## TO DO
Check every line below for the word "Mats" and give only the number of lines where it appears.

=== INFORMATION ===

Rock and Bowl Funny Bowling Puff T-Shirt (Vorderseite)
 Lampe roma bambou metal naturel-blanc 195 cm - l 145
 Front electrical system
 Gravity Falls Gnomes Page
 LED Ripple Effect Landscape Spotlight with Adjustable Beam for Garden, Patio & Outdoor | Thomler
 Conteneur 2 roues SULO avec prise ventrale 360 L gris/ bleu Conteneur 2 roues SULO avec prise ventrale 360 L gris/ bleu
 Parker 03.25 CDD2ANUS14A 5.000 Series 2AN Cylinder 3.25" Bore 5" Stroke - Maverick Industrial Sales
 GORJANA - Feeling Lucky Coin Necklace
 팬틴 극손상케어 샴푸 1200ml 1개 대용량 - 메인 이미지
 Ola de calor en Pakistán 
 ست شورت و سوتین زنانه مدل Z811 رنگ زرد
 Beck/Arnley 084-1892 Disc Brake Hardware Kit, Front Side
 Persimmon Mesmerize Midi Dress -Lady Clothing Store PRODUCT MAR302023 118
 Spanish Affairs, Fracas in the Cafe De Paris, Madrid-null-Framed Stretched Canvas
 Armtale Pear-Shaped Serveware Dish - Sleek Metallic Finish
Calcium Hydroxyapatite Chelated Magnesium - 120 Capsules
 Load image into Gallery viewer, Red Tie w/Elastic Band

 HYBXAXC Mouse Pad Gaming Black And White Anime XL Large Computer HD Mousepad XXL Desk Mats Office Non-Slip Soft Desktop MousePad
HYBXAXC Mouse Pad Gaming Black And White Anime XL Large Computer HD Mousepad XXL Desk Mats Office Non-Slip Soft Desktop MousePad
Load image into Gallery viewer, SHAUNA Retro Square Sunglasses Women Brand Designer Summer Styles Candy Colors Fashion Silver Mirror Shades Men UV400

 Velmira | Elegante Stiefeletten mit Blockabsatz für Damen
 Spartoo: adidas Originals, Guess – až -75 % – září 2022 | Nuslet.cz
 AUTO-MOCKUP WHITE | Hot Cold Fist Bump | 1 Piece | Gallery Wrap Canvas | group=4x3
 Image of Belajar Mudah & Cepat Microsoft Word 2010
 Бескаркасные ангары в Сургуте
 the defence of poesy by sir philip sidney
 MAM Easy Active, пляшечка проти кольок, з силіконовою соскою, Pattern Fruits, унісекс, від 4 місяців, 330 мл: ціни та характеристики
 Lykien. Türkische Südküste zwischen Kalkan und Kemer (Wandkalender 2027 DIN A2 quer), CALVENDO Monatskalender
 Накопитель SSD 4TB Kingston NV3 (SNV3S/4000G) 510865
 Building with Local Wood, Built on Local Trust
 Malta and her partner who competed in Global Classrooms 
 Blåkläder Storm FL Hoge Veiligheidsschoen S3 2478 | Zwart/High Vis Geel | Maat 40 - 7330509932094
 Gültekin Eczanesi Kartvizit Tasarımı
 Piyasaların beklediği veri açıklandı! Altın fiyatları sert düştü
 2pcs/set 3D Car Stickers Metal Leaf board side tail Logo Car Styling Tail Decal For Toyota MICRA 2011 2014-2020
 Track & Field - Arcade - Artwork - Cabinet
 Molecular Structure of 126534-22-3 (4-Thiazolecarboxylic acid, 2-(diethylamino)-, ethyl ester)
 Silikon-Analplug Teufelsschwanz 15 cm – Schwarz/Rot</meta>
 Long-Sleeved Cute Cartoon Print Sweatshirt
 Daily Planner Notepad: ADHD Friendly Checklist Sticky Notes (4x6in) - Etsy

===

## ANSWER AREA
2